I’ve been best friends with this person for almost 10 years, but over the past few months, I’ve started to realize something … I’m fairly sure I’m madly in love with them. I want to give this a shot, but I have no idea how to approach all these emotions I’m feeling—what should I do?

Best Friends Forever

Dear BFF,

I think everyone’s pretty accustomed to experiencing some kind of love for their best friends, especially after they carry you home from the ByWard Market after a night of too many beers—but it can be normal to feel those feelings of love too. We’re just not used to actually pursuing those emotions, so that’s probably what feels weird to you.
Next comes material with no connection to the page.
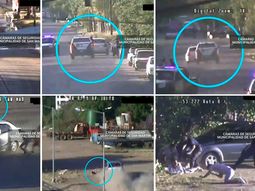 video: ladrones atropellan a una beba y su madre en plena fuga video: ladrones atropellan a una beba y su madre en plena fuga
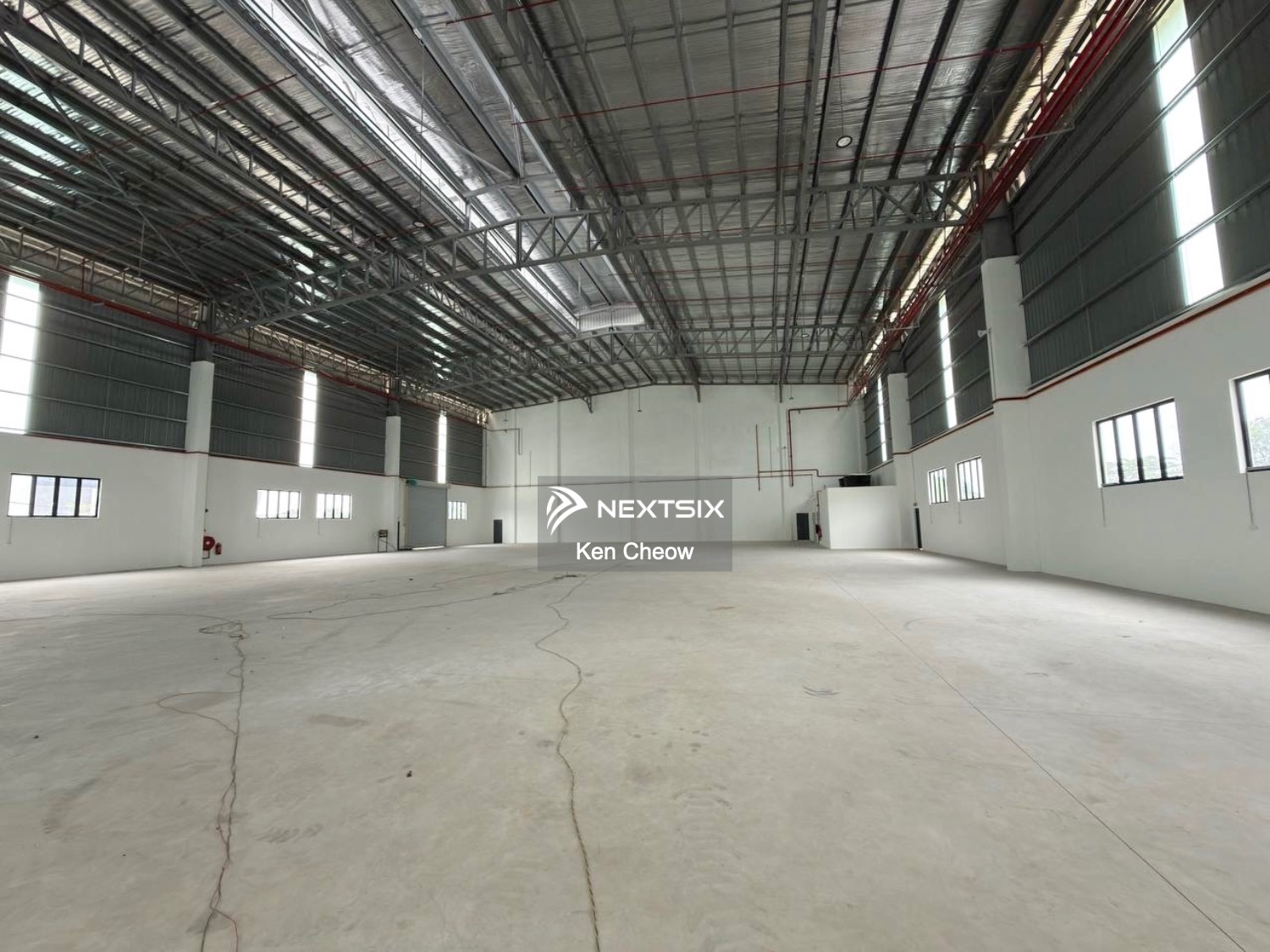 Detached Factory For Rent in Skudai Johor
While that kind of “L-word” has been painted as a taboo subject for best friends to address, let alone even talk about, it doesn’t have to be.

It’s hard not to feel some kind of intimate romantic—and maybe even sexual—attraction to a person who knows you inside and out, and vice-versa. They’ve likely helped you through some of the hardest times in your life, and, on the flipside, have been by your side while you lived through some of life’s greatest moments so far. With some best friends, it can even feel like they’ve played a significant role in shaping you into the person you are today.

That being said, it’s important to take a step back here and spend some time getting in touch with these feelings you’re having, differentiating between actually loving this person as a romantic partner and loving them as a friend, which are two different things. If it does seem to be the former don’t fret: As I’ve said, these feelings are expected and normal.

I’ll be straight up about the fact that falling in love with one of your best friends is one of the trickiest predicaments you can find yourself in. On one hand, these feelings you’re having probably feel stronger than any attraction you’ve felt before thanks to the bond you already share with this person. You’re probably holding back like hell to keep yourself from telling them how you feel.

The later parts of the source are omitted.